Some who have successfully managed to get inside San Predo Prison have even braved the no-photography policy, such as Youtube user yeseron, who has posted his experience online. The footage features interviews with inmates about their experiences.
“I can say that it was one of the most educational, emotional and adventurous experiences of my life,” says Sullivan. “I’d highly recommend it to anyone; it’s a real eye-opener, in a good way, and it’s a lesson in humanity.”
A recent report by BBC reveals these tours may end after the Bolivian government announced its plans to close the prison from July 18th. As of now, no further updates have been given.
Another prison still accepting tourist visitors is Cebu Provincial Detention and Rehabilitation Center (CPDRC), located in the Philippines.
In 2007, CPDRC gained international fame through their YouTube hit “Thriller”. Inmates were filmed dancing to the Michael Jackson song as part of a rehabilitation process and the video has attracted over 50 million views. Subsequent videos include the CPDRC inmates’ rendition of Souja Boy’s “Crank That”, MC Hammer’s “Can’t Touch This”, and Psy’s “Gangnam Style”.
Tourists are welcomed into CPDRC on the final Saturday of every month to watch the inmates perform for free. Starting at 3 p.m., the inmates showcase 15 dances and afterwards willing visitors are encouraged to enter the yard for a prisoner-led dance lesson and photographs.
Former local congressman Mong Palatino tells BTR that he regrets that these performances still exist.
Louisiana State Penitentiary also hosts rodeos for tourists every Sunday during October and the third weekend in April. Cathy Fontenot, Assistant Warden and spokesperson, tells BTR that both prison staff and well-behaved inmates attend and participate in the rodeos. These events attract more than 70,000 visitors each year.
“Spectators visit from all around the world to attend and since they are allowed to drive through the grounds to the arena, they get to see the prison,” Fontenot says. “They are able to speak with inmates who sell arts and crafts and those who play music and sell concessions”.
Money collected from rodeo tickets is used to help fund rehabilitative needs of the inmate population and maintain the facility. The penitentiary also hosts a golf course on its grounds, which is open to visitors.
There has been some controversy surrounding the touring and participation in active prisons, particularly in regards to its ethical nature.

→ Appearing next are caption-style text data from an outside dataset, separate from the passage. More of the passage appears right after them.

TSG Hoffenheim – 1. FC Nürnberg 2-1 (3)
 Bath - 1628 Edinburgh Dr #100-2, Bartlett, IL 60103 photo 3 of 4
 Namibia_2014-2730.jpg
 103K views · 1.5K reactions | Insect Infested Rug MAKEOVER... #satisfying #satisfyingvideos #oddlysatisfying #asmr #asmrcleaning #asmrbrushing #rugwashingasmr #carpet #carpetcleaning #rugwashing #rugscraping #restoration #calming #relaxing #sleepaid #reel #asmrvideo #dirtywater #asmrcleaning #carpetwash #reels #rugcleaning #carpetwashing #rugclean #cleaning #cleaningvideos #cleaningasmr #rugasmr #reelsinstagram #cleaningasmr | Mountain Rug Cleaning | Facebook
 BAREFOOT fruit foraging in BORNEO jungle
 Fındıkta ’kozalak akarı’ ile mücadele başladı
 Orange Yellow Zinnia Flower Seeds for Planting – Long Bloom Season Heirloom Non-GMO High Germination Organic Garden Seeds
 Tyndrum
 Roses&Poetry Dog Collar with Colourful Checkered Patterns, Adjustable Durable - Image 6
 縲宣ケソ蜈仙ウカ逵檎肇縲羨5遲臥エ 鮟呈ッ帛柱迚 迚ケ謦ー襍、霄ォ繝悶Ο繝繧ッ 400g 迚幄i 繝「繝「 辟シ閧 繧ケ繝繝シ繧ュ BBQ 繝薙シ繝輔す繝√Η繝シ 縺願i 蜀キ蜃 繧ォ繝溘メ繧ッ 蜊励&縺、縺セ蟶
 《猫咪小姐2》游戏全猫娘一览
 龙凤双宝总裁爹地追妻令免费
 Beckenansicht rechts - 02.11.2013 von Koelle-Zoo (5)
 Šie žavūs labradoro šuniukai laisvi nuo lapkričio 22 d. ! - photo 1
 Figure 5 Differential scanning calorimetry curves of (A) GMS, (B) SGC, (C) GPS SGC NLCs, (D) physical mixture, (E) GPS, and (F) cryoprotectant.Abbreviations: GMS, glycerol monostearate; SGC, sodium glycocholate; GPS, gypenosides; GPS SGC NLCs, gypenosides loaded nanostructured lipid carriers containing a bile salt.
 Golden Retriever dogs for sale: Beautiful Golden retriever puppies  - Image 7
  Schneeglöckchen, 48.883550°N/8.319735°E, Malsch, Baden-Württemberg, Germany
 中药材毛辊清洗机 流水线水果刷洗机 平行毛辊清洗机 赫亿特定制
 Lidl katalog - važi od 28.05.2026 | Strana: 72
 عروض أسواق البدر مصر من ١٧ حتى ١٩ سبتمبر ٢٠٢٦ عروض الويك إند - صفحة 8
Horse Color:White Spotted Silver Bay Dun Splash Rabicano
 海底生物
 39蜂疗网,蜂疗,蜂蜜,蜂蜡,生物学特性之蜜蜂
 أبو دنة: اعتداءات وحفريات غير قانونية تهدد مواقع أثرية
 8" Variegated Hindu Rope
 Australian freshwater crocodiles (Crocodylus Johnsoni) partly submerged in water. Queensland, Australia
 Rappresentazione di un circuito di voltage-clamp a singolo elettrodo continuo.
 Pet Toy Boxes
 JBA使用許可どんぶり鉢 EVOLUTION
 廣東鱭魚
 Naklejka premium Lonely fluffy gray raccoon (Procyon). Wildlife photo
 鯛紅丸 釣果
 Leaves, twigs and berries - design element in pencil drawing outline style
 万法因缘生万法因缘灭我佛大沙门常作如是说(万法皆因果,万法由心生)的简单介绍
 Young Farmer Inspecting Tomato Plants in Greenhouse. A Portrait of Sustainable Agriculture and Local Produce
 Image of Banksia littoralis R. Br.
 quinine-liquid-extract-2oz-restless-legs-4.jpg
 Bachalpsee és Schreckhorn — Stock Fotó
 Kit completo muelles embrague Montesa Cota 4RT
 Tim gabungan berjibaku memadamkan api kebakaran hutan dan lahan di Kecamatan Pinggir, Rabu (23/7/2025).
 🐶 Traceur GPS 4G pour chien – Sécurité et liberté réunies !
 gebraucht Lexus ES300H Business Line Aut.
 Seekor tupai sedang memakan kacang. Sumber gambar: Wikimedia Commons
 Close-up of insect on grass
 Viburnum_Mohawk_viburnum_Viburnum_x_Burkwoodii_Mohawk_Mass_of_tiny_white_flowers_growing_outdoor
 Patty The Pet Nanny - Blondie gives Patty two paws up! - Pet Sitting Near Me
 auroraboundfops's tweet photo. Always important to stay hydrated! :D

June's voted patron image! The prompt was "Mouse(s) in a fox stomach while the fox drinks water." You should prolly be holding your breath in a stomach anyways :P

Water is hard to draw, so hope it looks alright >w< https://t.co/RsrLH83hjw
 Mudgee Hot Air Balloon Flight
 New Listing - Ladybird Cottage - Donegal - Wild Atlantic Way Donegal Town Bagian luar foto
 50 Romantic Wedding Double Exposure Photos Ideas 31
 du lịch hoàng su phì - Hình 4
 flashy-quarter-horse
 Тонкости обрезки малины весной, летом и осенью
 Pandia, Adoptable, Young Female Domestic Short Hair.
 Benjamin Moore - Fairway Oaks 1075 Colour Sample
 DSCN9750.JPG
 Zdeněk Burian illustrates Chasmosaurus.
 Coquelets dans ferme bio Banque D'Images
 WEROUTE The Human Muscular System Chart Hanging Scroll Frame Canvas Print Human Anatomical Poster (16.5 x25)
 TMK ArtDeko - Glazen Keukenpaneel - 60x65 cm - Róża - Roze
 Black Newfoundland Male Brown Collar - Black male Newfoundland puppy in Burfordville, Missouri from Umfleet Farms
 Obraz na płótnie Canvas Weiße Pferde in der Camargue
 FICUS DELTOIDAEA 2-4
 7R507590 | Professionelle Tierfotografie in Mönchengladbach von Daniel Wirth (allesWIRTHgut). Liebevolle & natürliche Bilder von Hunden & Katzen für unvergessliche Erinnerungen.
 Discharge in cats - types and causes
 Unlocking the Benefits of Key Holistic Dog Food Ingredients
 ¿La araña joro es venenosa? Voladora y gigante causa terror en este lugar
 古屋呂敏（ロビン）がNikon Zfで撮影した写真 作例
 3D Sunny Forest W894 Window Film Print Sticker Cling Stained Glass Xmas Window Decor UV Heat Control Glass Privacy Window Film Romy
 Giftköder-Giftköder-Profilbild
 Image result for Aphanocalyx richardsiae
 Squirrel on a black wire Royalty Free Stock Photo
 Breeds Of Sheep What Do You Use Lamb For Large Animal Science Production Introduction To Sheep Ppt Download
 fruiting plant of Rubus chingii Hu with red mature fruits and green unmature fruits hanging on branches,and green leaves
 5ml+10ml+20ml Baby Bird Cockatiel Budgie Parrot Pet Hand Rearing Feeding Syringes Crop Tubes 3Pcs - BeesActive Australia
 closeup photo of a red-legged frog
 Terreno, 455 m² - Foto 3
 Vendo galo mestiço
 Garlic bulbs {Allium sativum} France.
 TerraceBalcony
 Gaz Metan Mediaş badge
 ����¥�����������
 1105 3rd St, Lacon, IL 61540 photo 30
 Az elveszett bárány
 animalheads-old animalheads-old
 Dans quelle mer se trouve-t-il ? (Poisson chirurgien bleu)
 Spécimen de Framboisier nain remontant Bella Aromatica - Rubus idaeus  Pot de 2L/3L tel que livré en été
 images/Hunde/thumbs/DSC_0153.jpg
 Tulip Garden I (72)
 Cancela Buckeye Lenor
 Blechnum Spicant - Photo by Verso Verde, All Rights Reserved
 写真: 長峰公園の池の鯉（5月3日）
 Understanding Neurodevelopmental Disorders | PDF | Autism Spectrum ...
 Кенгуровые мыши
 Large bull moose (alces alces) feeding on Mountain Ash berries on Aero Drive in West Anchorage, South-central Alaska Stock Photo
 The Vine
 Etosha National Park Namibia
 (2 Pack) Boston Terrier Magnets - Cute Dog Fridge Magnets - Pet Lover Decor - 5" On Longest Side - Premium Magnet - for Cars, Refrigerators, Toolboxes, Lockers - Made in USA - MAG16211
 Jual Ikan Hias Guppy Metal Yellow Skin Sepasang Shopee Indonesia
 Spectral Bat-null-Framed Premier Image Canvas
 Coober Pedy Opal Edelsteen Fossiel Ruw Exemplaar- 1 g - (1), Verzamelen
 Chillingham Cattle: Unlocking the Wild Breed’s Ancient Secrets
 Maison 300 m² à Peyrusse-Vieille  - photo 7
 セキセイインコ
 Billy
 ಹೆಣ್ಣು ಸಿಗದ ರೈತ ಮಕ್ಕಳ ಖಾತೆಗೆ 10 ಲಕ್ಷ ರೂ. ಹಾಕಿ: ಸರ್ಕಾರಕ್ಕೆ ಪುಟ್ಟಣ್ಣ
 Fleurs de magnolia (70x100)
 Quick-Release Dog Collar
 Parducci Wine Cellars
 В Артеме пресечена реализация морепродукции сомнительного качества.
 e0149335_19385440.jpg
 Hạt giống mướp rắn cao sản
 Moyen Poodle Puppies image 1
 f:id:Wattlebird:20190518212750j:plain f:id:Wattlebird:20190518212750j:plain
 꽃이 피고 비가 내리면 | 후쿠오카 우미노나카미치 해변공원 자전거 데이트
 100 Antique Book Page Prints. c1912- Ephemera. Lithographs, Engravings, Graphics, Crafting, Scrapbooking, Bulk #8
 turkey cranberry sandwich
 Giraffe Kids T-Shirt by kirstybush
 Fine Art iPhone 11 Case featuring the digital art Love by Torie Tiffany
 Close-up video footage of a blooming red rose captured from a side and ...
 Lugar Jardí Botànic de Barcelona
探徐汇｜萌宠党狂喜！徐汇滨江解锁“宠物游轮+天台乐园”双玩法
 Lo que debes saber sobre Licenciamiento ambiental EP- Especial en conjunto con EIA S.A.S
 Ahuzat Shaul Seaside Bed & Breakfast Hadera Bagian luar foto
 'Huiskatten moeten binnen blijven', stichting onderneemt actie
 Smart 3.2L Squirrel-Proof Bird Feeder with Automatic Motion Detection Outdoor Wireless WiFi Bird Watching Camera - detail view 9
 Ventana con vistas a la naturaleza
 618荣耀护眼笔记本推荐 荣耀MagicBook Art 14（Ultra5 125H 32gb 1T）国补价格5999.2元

Forensic psychologist and Senior Lecturer at the University of New South Wales, David Bright, tells BTR, “I would also be concerned about the motivation of people who would want to visit prisons for the purpose of tourism.”
“I expect much of the motivation is voyeurism, rather than a sincere desire to understand the prison system more keenly,” he says. “Primarily, I would have concerns about the confidentiality of inmates — despite their criminal activities, they have a right to privacy.”
David Brown suggests there could be a positive outcome if “learning and connection can take place through a conversation that is usually denied to the prisoner.”
With prison tourism on the rise, the appeal of walking behind bars raises some important questions about how far tourism will go. How willing are people are to interact with others convicted of murder, rape, and other crimes? Maybe the appeal lies in the visitors’ choice to come and go as they please. For inmates incarcerated, they are not as lucky.